2.2. Infine, si ribadisce che rientra nel potere del giudice di merito, rinnovare in toto o in parte le attività peritali, disporre la sostituzione del consulente o richiedere a quest'ultimo chiarimenti sulla relazione già depositata, disporre un supplemento ovvero un'integrazione delle indagini, rinnovare in toto o in parte le attività peritali e l'esercizio di tale potere (come il mancato esercizio di esso) è ampiamente discrezionale (v., ex multis, Cass. 6 maggio 2002, n. 6469; id. 2 marzo 2006, n. 4660).

2.3. Risulta infine solo riferito e non documentato che la c.t.u. del primo ausiliare non fosse stata contestata dall’Inps nel corso del procedimento dinanzi al Tribunale, in violazione degli oneri di specificità imposti, anche nella denuncia di errores in procedendo, delle disposizioni contenute nell'art. 366 c.p.c., comma 1, n. 6, e art. 369 c.p.c., comma 2, n. 4, (ex plurimis, Cass. Sez. U.. n. 8077 del 2012, Cass. n. 2143 del 2015, cit.).

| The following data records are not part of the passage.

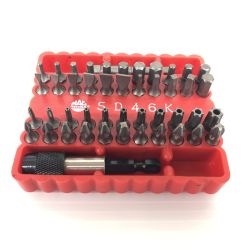 ДД MAC TOOLS マック ビットセット  SD46K Aランク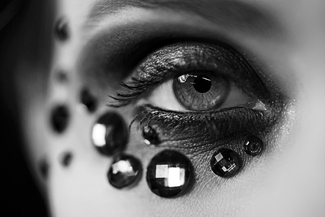 The eyes are the door to the soul The eyes are the door to the soul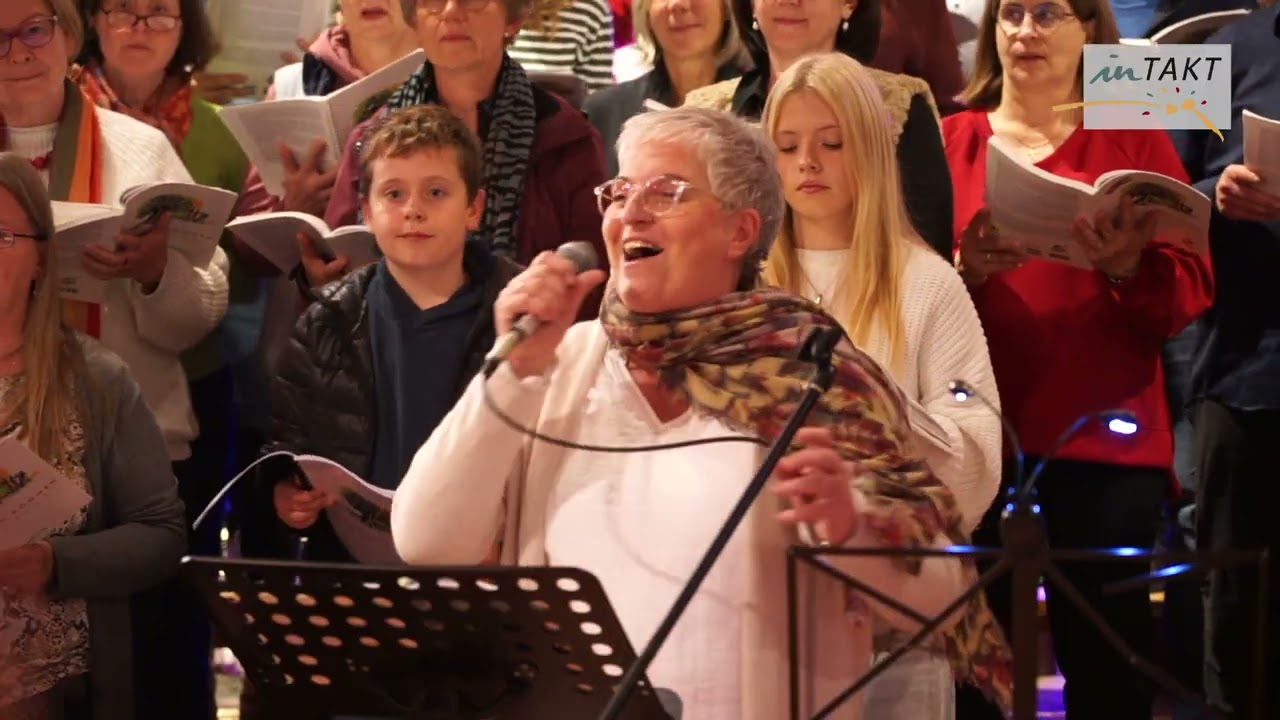 Seht, Gott kommt zu uns ⎮ Musikfortbildung Spiekeroog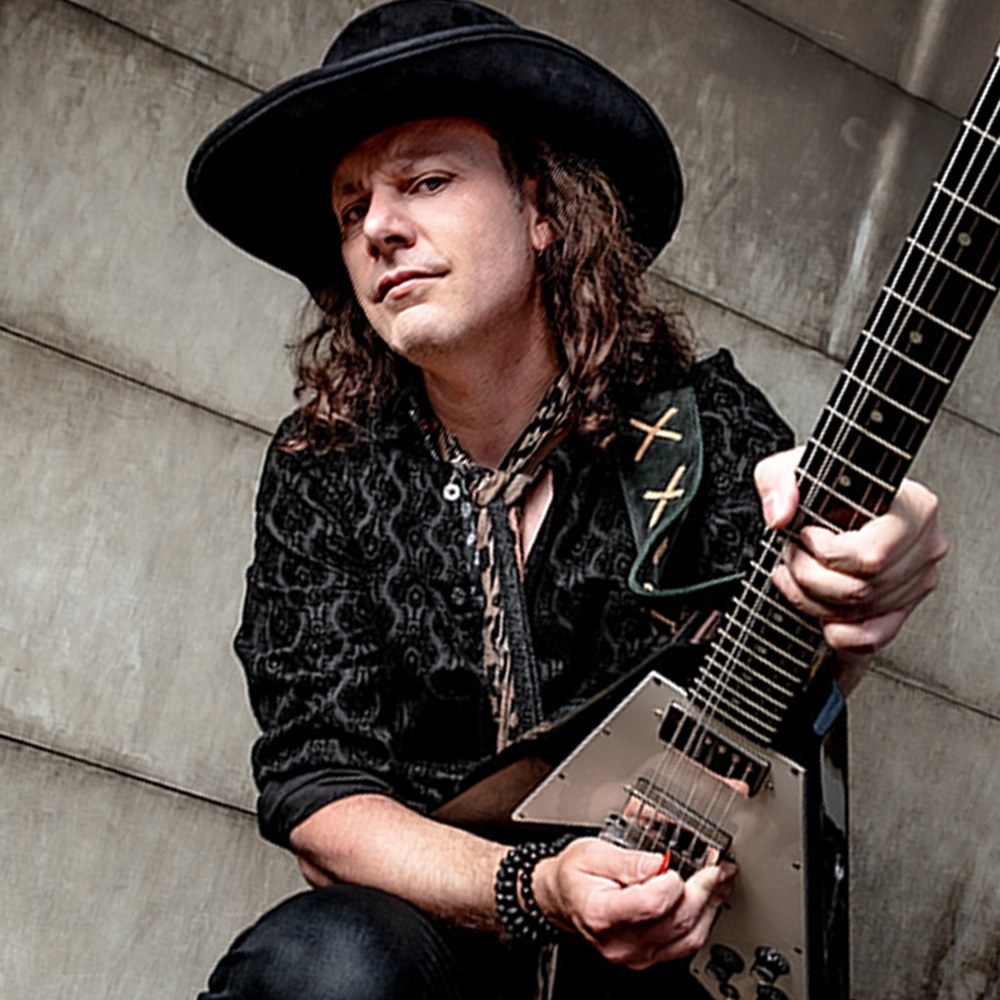 ANTHONY GOMES REEDITA «HIGH VOLTAGE BLUES» EN VINILO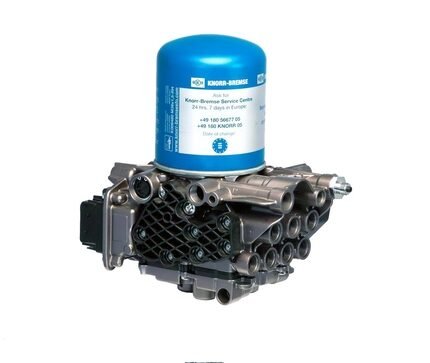 Mercedes Actros Air Processing Unit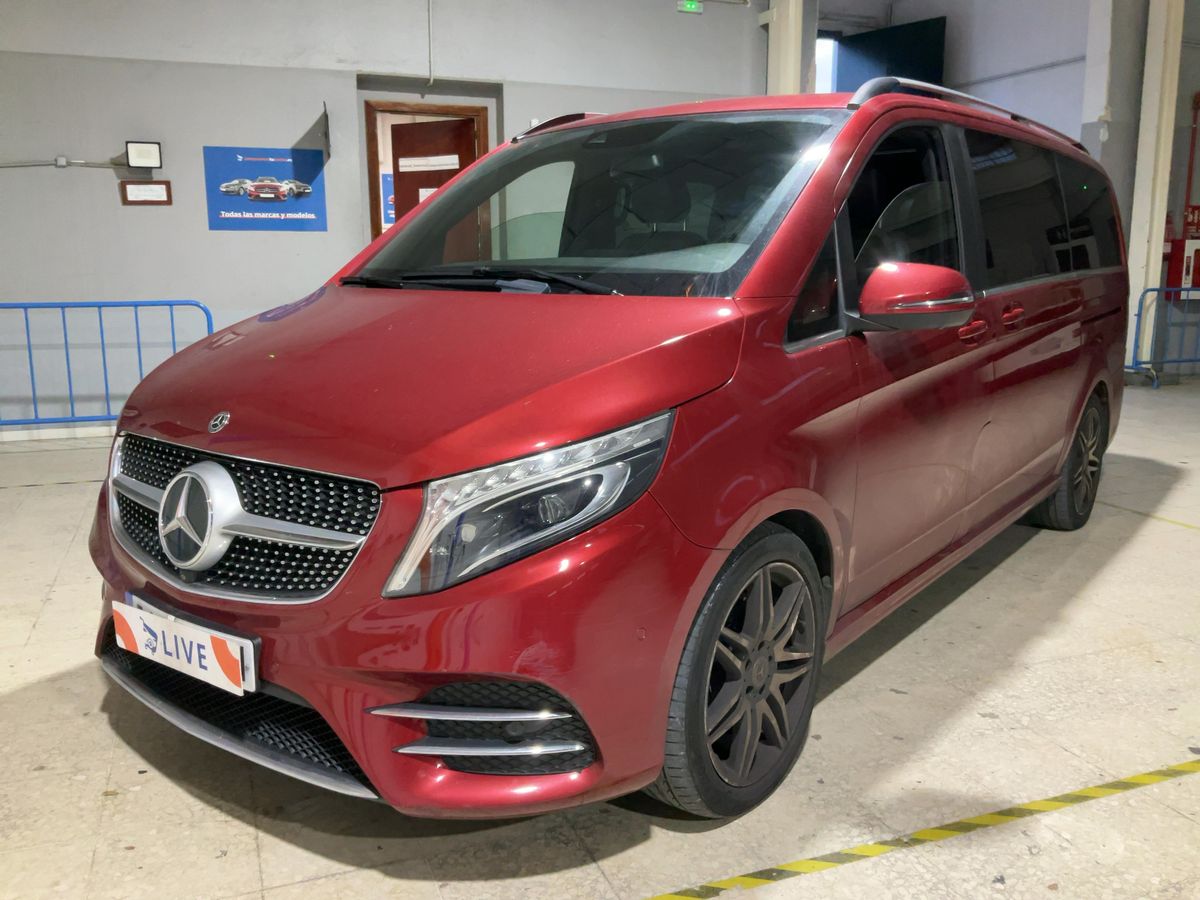 Mercedes-Benz V-Klasse d'occasion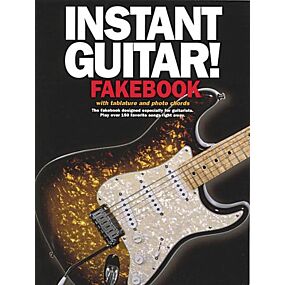 INSTANT GUITAR! FAKEBOOK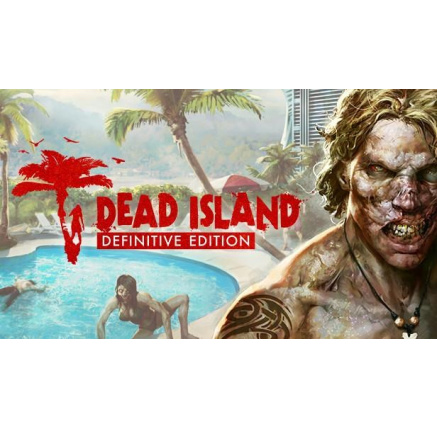 Dead Island Definitive Edition (PC) klíč Steam Dead Island Definitive Edition (PC) klíč Steam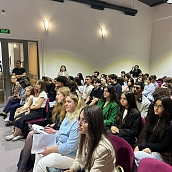 Политеховцы знакомят школьников Еревана с СГТУ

3. Per tali motivi, condividendo il Collegio la proposta del relatore, il ricorso, manifestamente infondato, va rigettato con ordinanza in camera di consiglio, ai sensi dell’art. 375, n. 5, cod. proc. civ..

4. Le spese del presente giudizio vanno dichiarate non ripetibili, in virtù della dichiarazione resa dalla ricorrente ai sensi dell'art. 152 disp. att. cod. proc. civ.

5. Sussistono invece i presupposti per il versamento, da parte della ricorrente, dell’ulteriore importo a titolo di contributo unificato, previsto dall'art. 13, comma 1 quater, del d.P.R. 30 maggio 2002 n. 115, introdotto dall'art. 1, comma 17, della legge 24 dicembre 2012, n. 228, considerato che l’insorgenza di detto obbligo non è collegata alla condanna alle spese, ma al fatto oggettivo del rigetto integrale o della definizione in rito, negativa per l'impugnante, del gravame (v. da ultimo ex multis Cass. ord. 16/02/2017 n. 4159).

 

P.Q.M.

 

Rigetta il ricorso. Non assoggetta la ricorrente al pagamento delle spese del giudizio di legittimità.

Ai sensi dell'art. 13, co. 1 quater, del d.lgs. n. 115 del 2002 dà atto della sussistenza dei presupposti per il versamento da parte della ricorrente dell'ulteriore importo a titolo di contributo unificato pari a quello dovuto per il ricorso a norma del comma 1 bis dello stesso art. 13.